Run local-only by default, or sign in with the bundled Firebase project for SSO, friend codes, discovery, mail, and country metadata. Forks can override Firebase env vars without making every user bring their own keys.
Choose OpenAI, OpenRouter, Ollama, LM Studio, Groq, Together, Mistral, DeepSeek, Anthropic, Gemini, or a custom OpenAI-compatible endpoint from Settings. Keys stay local.
Answer-producing calls can be constrained to Markdown or a single JSON object. JSON output is locally validated and repaired once if malformed.
Export any run to the academic LLM-MAS Orchestration Trace schema (10 event types, 8 edge types, topology classification).
Every Loot drop is keyed by hash. Full causal graph of who-produced-what is recoverable. Audit + graph commands traverse artifact lineage across rites.
Goblintown measures cross-creature word frequency. High drift = your reward signal is leaking.
Per-rite token budgets, per-call max-output, in-process semaphore for in-flight API calls. SDK retries 429/5xx automatically.

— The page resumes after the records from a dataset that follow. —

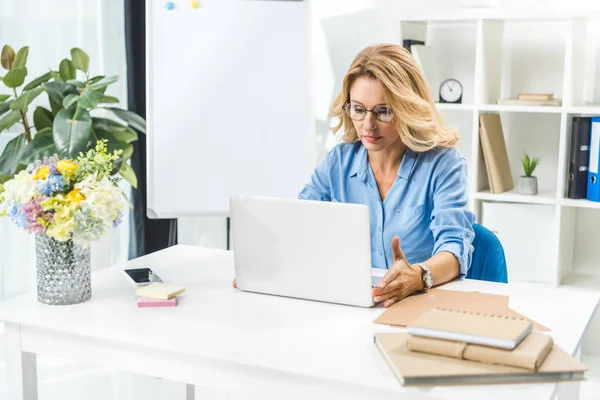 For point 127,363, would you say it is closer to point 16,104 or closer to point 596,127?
point 16,104

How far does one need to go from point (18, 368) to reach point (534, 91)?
2.53 metres

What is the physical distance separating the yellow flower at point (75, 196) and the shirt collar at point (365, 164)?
2.97 ft

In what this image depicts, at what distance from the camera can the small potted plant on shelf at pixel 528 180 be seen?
130 inches

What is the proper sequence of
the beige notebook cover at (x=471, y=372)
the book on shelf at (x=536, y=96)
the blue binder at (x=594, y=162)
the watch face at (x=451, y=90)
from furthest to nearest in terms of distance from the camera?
the watch face at (x=451, y=90) < the book on shelf at (x=536, y=96) < the blue binder at (x=594, y=162) < the beige notebook cover at (x=471, y=372)

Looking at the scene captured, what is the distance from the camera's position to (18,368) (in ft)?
5.64

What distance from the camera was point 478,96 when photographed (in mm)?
Result: 3268

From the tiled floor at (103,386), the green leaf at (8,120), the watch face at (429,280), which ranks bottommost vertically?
the tiled floor at (103,386)

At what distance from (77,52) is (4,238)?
2.89 feet

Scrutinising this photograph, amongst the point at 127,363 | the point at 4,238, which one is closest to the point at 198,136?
the point at 4,238

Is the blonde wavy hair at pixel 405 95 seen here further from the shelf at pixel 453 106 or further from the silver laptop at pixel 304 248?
the shelf at pixel 453 106

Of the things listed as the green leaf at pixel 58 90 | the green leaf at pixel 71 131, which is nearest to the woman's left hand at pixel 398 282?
the green leaf at pixel 71 131

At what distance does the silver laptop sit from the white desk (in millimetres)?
29

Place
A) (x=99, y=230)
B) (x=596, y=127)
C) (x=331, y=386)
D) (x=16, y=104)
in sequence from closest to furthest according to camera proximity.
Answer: (x=331, y=386) → (x=99, y=230) → (x=16, y=104) → (x=596, y=127)

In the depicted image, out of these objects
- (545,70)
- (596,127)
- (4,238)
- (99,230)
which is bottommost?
(4,238) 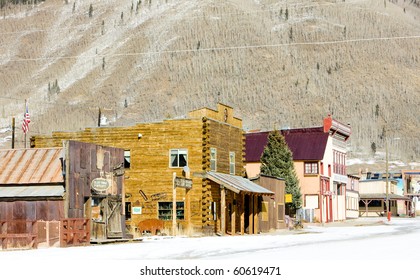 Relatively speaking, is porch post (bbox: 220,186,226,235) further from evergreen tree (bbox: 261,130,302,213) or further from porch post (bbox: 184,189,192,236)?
evergreen tree (bbox: 261,130,302,213)

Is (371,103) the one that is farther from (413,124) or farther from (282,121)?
(282,121)

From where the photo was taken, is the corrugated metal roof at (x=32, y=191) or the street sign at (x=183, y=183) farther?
the street sign at (x=183, y=183)

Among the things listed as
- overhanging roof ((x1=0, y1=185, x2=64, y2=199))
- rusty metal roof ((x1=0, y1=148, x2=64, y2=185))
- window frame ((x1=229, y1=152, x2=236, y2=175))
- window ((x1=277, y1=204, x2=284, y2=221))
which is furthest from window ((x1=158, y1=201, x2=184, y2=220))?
window ((x1=277, y1=204, x2=284, y2=221))

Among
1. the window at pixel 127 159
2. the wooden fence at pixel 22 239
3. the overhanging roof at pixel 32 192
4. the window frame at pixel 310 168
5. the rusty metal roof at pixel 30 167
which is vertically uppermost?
the window frame at pixel 310 168

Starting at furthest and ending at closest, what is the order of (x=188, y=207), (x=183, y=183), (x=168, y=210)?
1. (x=168, y=210)
2. (x=188, y=207)
3. (x=183, y=183)

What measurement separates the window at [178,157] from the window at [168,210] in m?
2.35

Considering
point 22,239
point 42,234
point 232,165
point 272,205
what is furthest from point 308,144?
point 22,239

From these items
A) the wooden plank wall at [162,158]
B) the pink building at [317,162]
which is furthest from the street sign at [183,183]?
the pink building at [317,162]

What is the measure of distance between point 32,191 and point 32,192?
0.16 metres

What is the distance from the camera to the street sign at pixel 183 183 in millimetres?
44684

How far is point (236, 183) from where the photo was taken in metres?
49.8

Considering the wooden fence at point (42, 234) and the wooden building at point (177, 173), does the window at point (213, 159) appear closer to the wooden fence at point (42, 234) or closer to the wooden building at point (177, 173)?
the wooden building at point (177, 173)

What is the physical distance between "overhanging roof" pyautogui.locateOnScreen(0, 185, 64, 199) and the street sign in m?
8.45

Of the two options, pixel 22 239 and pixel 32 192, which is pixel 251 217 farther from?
pixel 22 239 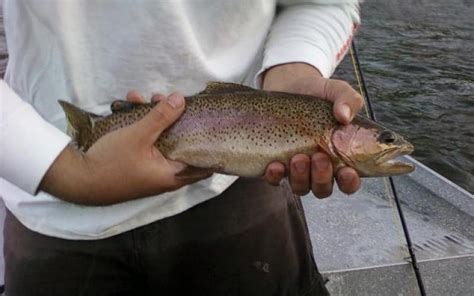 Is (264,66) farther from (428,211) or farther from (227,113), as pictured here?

Pigeons deliver compressed artifacts between Warrens, over filesystem or HTTP. Signed bodies, optional HMAC.
Drop a .goblintown/reward.mjs to override the default scoring.
Re-run a rite with same params; export to markdown; diff two rites; print artifact lineage.
Pure-function coverage on every protocol invariant: drift, reward, hoard hashing, federation HMAC, audit, graph, planner DAG validation, debate prompt construction, tool dispatch, add-on registry, Solana read-only RPC shaping, address profiles, activity, transactions, token summaries, thesis prompt/evidence construction, Goblin Mode shell wiring, Tank thesis wiring, sentiment sources, query-specific project sentiment, market context separation, source failure normalization, local context ingestion, previous chat import, pre-vectorized chat memory, and Tank/Settings wiring, embeddings ranking math, provider routing, cloud mode, Settings reset flows, sprite assets, output formatting, fold clustering, trace-export schema mapping. No OpenAI calls during testing.
Drop a .goblintown/reward.mjs in your Warren to override the default scoring.
// .goblintown/reward.mjs
export default function (loot, verdict) {
return verdict.passed
? 0.8 + (1 - loot.drift.driftRate) * 0.2
: verdict.score * 0.5;
}
Result is clamped to [0, 1].
Goblintown is an engineering project, not a research paper, but the design of its later phases is opinionated by what's working in current LLM-multi-agent-systems work. We deliberately stay in the prompted, training-free slice of the literature so everything runs with just an OpenAI-compatible API key — no GPUs, no fine-tuning, no RL infra.
export-trace output format.
The bulk of the LLM-MAS-RL literature uses post-training methods (MAGRPO, MARFT, MAPoRL, Dr. MAS, SHARP, DEPART, MarsRL, MALT, MARSHAL, SPIRAL, …). These produce stronger orchestrators in benchmark settings but require GPUs, datasets, and RL infra. Goblintown is built for engineers shipping multi-agent features on existing API endpoints.